MUMBAI: Despite repeated reminders and awareness campaigns, truckers on highways are using the middle or outer lanes while driving. On highways or expressways, heavy vehicles are supposed to keep to the left and use the middle or the lane on the right only to overtake. Lighter or smaller vehicles such as cars and SUVs should ideally have right of way for the middle and outer lanes.
However, this discipline is nowhere visible. Highly placed sources said police is even investigating the probability of a truck being involved in the accident in which two persons including former Tata Sons chief Cyrus Mistry were killed. It is probable, they said, that a heavy vehicle may have veered to the right on the Charoti toll naka stretch, prompting the Mercedes SUV driven by Anahita Pandole to try and overtake from the left at high speed.
Sources with the state government’s infrastructure arm said the sudden narrowing of lanes over the bridge may have caught Pandole unawares at this point. She could have misjudged the width of the road and hit the concrete railing on the side on the left.
Officials said police was carrying out a detailed investigation into this scenario.
In a similar accident some weeks back, Vinayak Mete, a Maratha leader died on the Mumbai-Pune expressway when the driver of his SUV rammed into a multi-axle container truck in an attempt to overtake it. The truck was veering from the middle lane to the outer one.
Nitin Dossa, chairman of the Western India Automobile Association, said lane indiscipline should be dealt with stringent implementation of fines so that no trucker dares to drive at high speed on the right side on highways. “Police should detain them instead of just slapping fines. They should be forced to undergo training before they are released from police stations,” he said.

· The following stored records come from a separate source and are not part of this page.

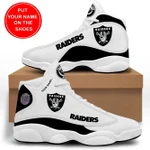 Oakland Raiders Football Air Jordan 13 Sneakers - Logo Sneaker Personalized - NFL
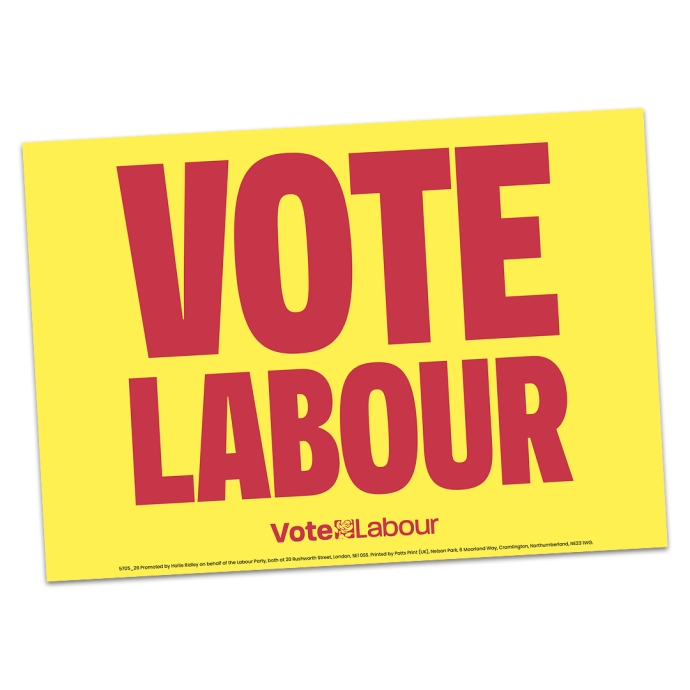 Vote Labour Red on Yellow A4 Poster | Labour Shop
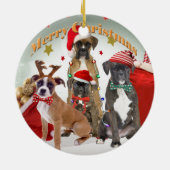 ボクサーのクリスマス"Ho Ho Ho"オーナメント セラミックオーナメント (裏面)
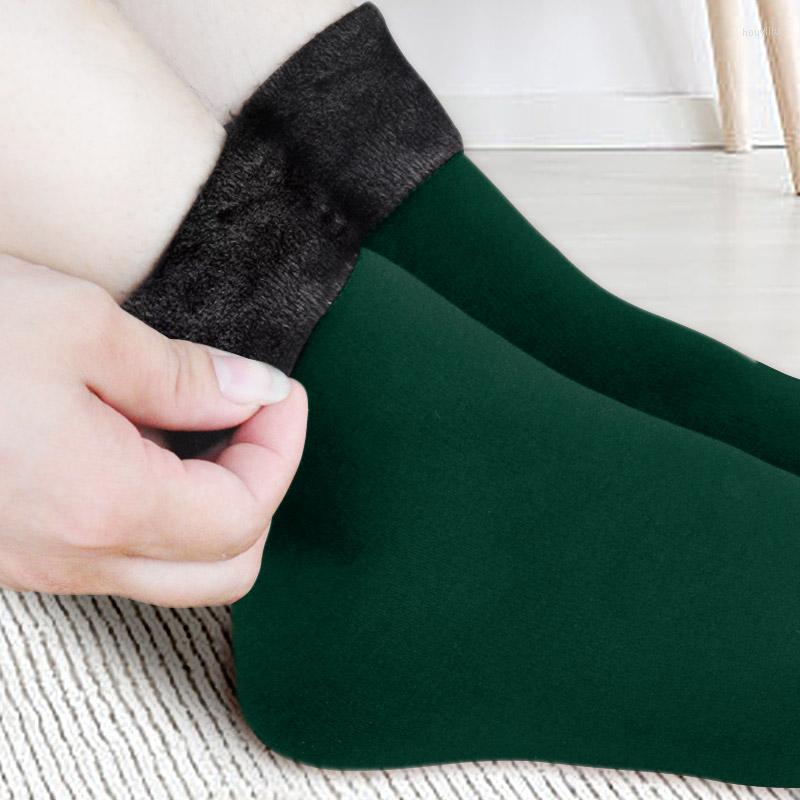 

Sports Socks Velvet Women Winter Warm Thicken Thermal Soft Casual Solid Color Sock Wool Cashmere Home Snow Boots Floor 1Pairs, Thin 1 pair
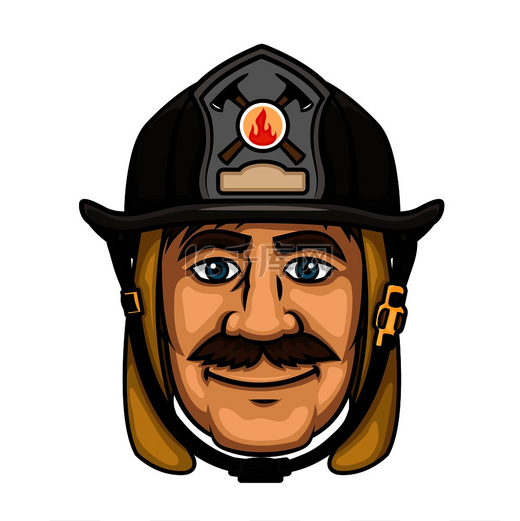 卡通风格的勇敢消防员，面带微笑的大胡子消防员戴着防护罩，戴着黑色头盔，戴着消防徽章。图片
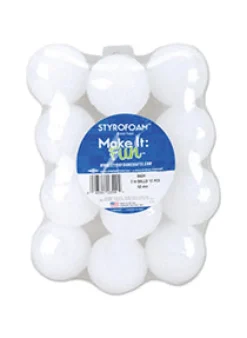 2in White Craft Foam Ball, Set of 12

“On the expressway, trucks for the most part are on the left and middle lane and not the first lane which is for cars. Whereas if you go on the Mumbai-Pune-Bangalore highway via the Pune bypass, you will find trucks in the outer lane. As you keep going further till you take a right to Mahabaleshwar, trucks are commonly found in this lane. As a car driver when you have trucks going at low speeds one is forced to overtake from the wrong side. If an accident happens, the cops or newspapers would say the car was overtaking from the wrong side. Insurance companies would say wrong driving. Taking the right lane once in a while by a trucker is understandable but it has become the norm more or less now,” said Vinod Narayan, a regular motorist.